Jordi Morrison: And so too much progesterone means that that window of receptivity is shut and those endometrial cells are no longer receptive to that implantation phase of an embryo?

Dr. Raelia Lew: That is the principle of most contraception. Most forms of contraception involve giving progesterone at the beginning of a cycle and onwards so that if an embryo does make it to the womb, it can't implant because there's no receptive endometrium. So that's how the pill works. In one sense the pill has a few mechanisms it also prevents ovulation but the mini pill works that way the marina iud works that way the implanton rod works that way and deproprovera and a lot of progesterone medications one aspect of their function is preventing endometrial receptivity we also know that if progesterone rises too early in an IVF cycle We have low success rates. And so we check that also to make sure we have receptivity. Doorbell just right. Okay.

Jordi Morrison: So you sort of answered this, but I'll ask it, and you just give a quick snippet. You've briefly touched on this, and I think it was in relation to the lining, but what role does progesterone explicitly play in preparing the uterus for The, it's really,

Dr.

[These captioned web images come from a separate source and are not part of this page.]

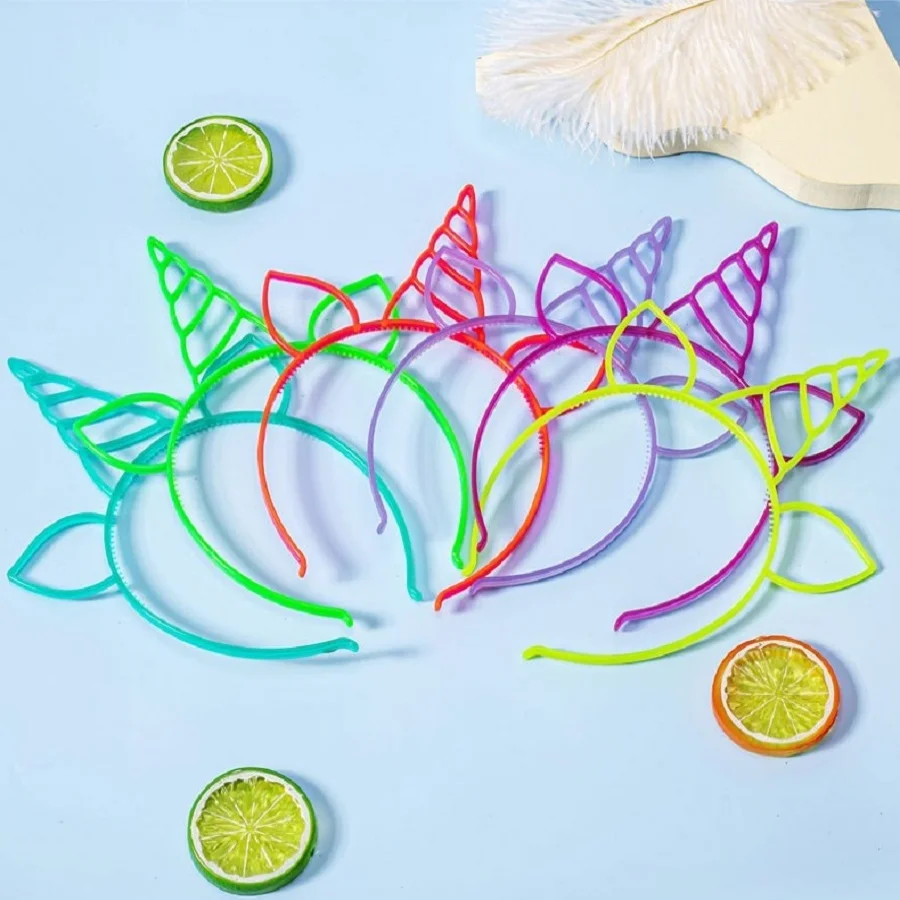 6/12PCS Girls Noctilucent Unicorn Headbands Women Headband Plastic Teeth Hairbands Kids Family Decoration Party Hair Accessories
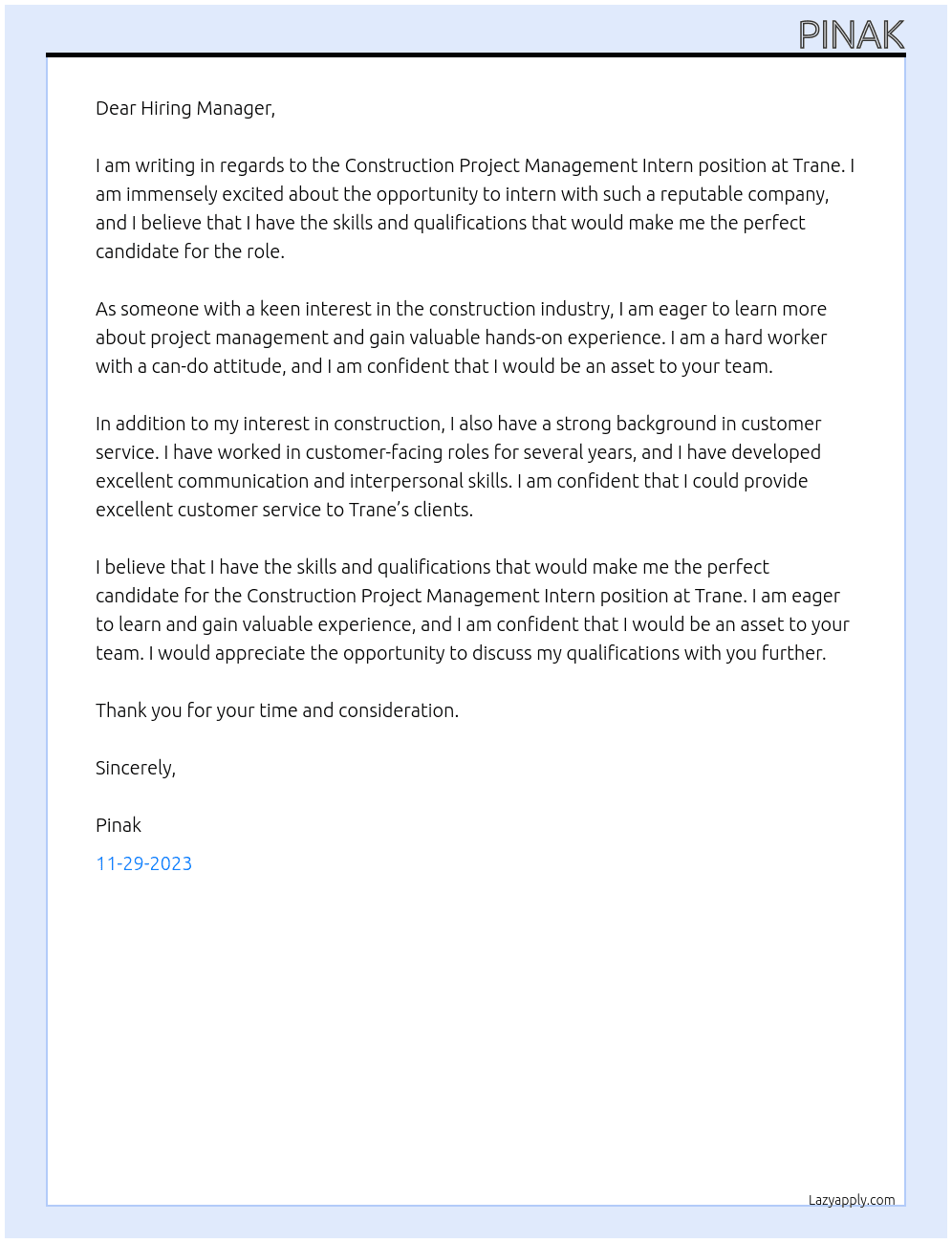 Construction Project Management Intern At Trane Cover Letter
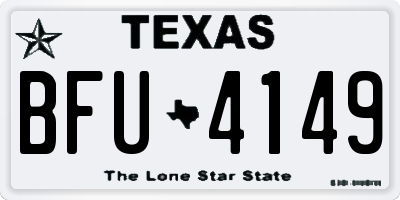 TX license plate BFU4149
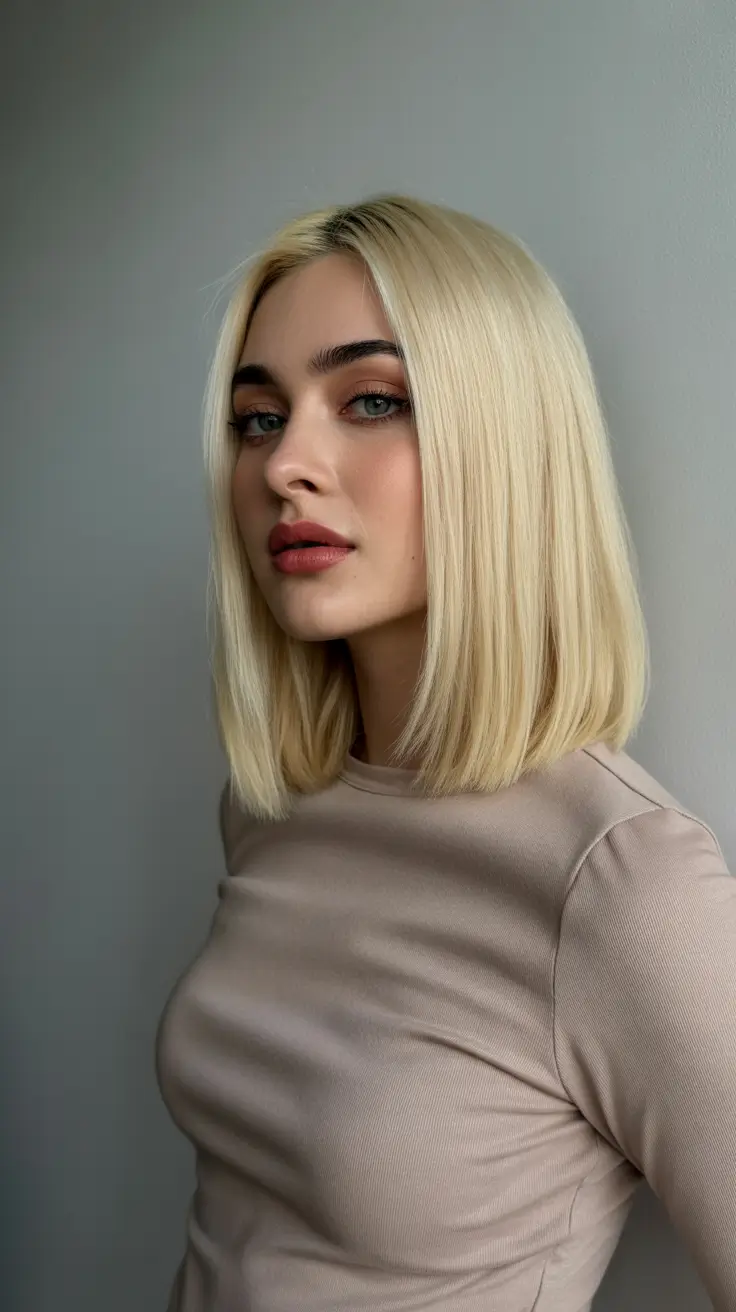 hair color for blondes summer 2026 Glossy Precision Blonde Lob with Minimalist Palette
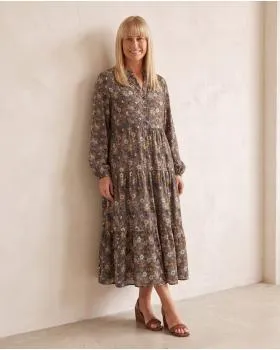 Kleid Blumenmuster in  braun von Made in Italy (Bild 5)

Raelia Lew: it is about the lining. Hold on, mate, I'll just start that here. It is about the lining. So it affects the cells of the endometrium. The word that we use is decidualization. And it desist those cells. So it basically makes them into welcoming cells that the embryo can implant in. So the embryo by this stage is a blastocyst. It has an inner cell mask that's going to become the baby itself, and it has an outer cell layer that we call the troughectaderm, and the troughectaderm is going to become ultimately the baby's placenta, but its job is to invade and implant into the maternal lining. It's an amazing situation. I mean, the placenta is its own organ, its fetus derived, so it's baby derived. It's got the baby's DNA, not the mother's DNA. But his job is to implant into the lining of the womb and draw a blood supply that comes from the mother. So the mother's interface of the placenta is the lining of the womb, and that is the progesterone primed endometrium that becomes the decidua. And then the baby's side of that placental interface comes from the trophectaderm, and they basically have a situation where the baby's allowed to really plug in to the mother. And it's also, it should be, a structure that ultimately once birth occurs, separates completely from the mother and is expelled from the mother's body. And unlike when we have something like a kidney transplant, which has to be exactly matched in certain types, we have this process of tolerance, immune tolerance, that allows the mother to accept the implanting tissue of the baby, whose DNA is 50% derived from her partner or the sperm source if it's a donor, so a perfect genetic stranger. And we accept it. It's unbelievable.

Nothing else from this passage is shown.